Executives from both companies say they don’t see the deal ushering in any big changes in the dedicated hosting market. But the significant resources, scale and stability of the new organization will likely enable the two brands, already leaders in the dedicated hosting field, to set the tone for that particular segment of the Web hosting business.

The companies have said they intend for EV1Servers and The Planet to continue to operate as separate brands, but the new potential for the sharing of intellectual property and business practices has obvious benefits for both sides.

Jeff Lowenberg, vice president of operations at EV1, and his counterpart at The Planet, chief operating officer Will Charnock, have begun discussing the ways in which the companies can share resources and ideas.

“The way that I look at it,” says Lowenberg, “we will certainly share technologies that the two companies have developed, and Will and I will be looking at different ways that each company does things, and whoever does it best we’ll start adopting that technology to the other company.
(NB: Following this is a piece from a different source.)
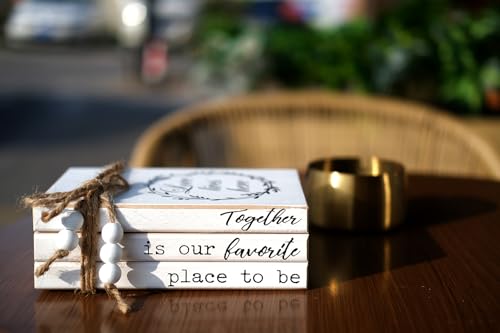 LIVDUCOT Decorative Books for Home Coffee Table Decor, Faux Books for Decoration, Modern Farmhouse White Wood Book Stack Decor for Shelf, Together is Our Favorite Place to Be Sign 7x5.5x2.5 - color: Together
But the two companies will continue to have their own identities and their own brands.”

And, in addition to sharing technologies the companies have developed, or are developing, the new organization will benefit from the potential to combine technology resources.


“There is that opportunity,” says Charnock. “And some of the things that we’re kicking around internally are some products that kind of leverage the two different physical locales for some products and things like that.”

The doubling up of engineering staff and resources has the potential to immediately impact the speed and confidence with which the post-merger organization can develop new products and bring them to market. Rather than fundamentally changing anything about the dedicated hosting market, the merger, say its participants, will have its most immediate and most profound effects on the way they do business, and their ability to do so. The significant boost in financial solidity, for instance, could be of considerable interest to customers.

“From my perspective,” says Charnock, “if there are going to be any changes, they’re going to be for the better. I think for the customer, as a whole, combined we’re a very strong company. We’ve seen some of our competitors disappear overnight. And when you look at us now, you have to know that we’re going to be around for the long haul. And you can feel secure when you take your services to us.”

There is plenty of overlap in the partnerships held by the two companies, and while the deal may not immediately create any new vendor relationships for either company, it may have the potential to change their existing relationships.

“We share many of our vendors,” says Charnock. “So it’s hard to pick Microsoft and say ‘that’s an immediate benefit,’ because we already have essentially the same relationship with Microsoft that EV1 does, I believe. So in that respect, I think the benefit is that we’re now a much larger entity, and we can leverage that into maybe having a little more input into features going forward, helping them develop some of their products to suit what our customers are asking for and things like that.”

Interestingly, given the nature of the Web hosting business, the similarity of the two companies in terms of their products and general approach to the business make it very easy for them to slip into a collaborative relationship. It is no big surprise that two companies succeeding in dedicated hosting are operating very similarly.

“We didn’t have a working relationship [prior to the acquisitions and merger],” says Lowenberg, “but it was good competition between us, as it was two of the biggest, if not the biggest in this particular section of the market. We drove each other to improve our service offerings, and we’ll continue to do so. Only now it won’t be so much one against the other. We’ll be forcing the rest of the market to keep up with us.”